→ **EXERCISE DETAILS**: All entries below are to be set down again, identical to the source.
-- -- --
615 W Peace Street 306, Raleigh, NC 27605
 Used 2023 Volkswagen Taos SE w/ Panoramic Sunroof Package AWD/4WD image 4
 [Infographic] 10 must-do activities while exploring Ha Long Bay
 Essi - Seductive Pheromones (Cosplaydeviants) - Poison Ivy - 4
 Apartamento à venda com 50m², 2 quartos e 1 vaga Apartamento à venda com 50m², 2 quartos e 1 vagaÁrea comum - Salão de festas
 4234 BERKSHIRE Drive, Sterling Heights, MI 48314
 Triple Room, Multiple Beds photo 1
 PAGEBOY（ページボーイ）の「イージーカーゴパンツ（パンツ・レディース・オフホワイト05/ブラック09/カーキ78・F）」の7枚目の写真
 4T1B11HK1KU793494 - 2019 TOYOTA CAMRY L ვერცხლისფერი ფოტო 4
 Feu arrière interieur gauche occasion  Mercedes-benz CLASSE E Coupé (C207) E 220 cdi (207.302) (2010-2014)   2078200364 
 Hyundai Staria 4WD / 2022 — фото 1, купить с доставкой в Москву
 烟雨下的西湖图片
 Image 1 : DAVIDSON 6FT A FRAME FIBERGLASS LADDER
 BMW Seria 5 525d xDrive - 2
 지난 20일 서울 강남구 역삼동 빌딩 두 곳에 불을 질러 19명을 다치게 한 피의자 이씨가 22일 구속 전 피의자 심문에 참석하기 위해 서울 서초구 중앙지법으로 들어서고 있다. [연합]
-- -- --
→ **EXERCISE RESPONSE**:
615 W Peace Street 306, Raleigh, NC 27605
 Used 2023 Volkswagen Taos SE w/ Panoramic Sunroof Package AWD/4WD image 4
 [Infographic] 10 must-do activities while exploring Ha Long Bay
 Essi - Seductive Pheromones (Cosplaydeviants) - Poison Ivy - 4
 Apartamento à venda com 50m², 2 quartos e 1 vaga Apartamento à venda com 50m², 2 quartos e 1 vagaÁrea comum - Salão de festas
 4234 BERKSHIRE Drive, Sterling Heights, MI 48314
 Triple Room, Multiple Beds photo 1
 PAGEBOY（ページボーイ）の「イージーカーゴパンツ（パンツ・レディース・オフホワイト05/ブラック09/カーキ78・F）」の7枚目の写真
 4T1B11HK1KU793494 - 2019 TOYOTA CAMRY L ვერცხლისფერი ფოტო 4
 Feu arrière interieur gauche occasion  Mercedes-benz CLASSE E Coupé (C207) E 220 cdi (207.302) (2010-2014)   2078200364 
 Hyundai Staria 4WD / 2022 — фото 1, купить с доставкой в Москву
 烟雨下的西湖图片
 Image 1 : DAVIDSON 6FT A FRAME FIBERGLASS LADDER
 BMW Seria 5 525d xDrive - 2
 지난 20일 서울 강남구 역삼동 빌딩 두 곳에 불을 질러 19명을 다치게 한 피의자 이씨가 22일 구속 전 피의자 심문에 참석하기 위해 서울 서초구 중앙지법으로 들어서고 있다. [연합]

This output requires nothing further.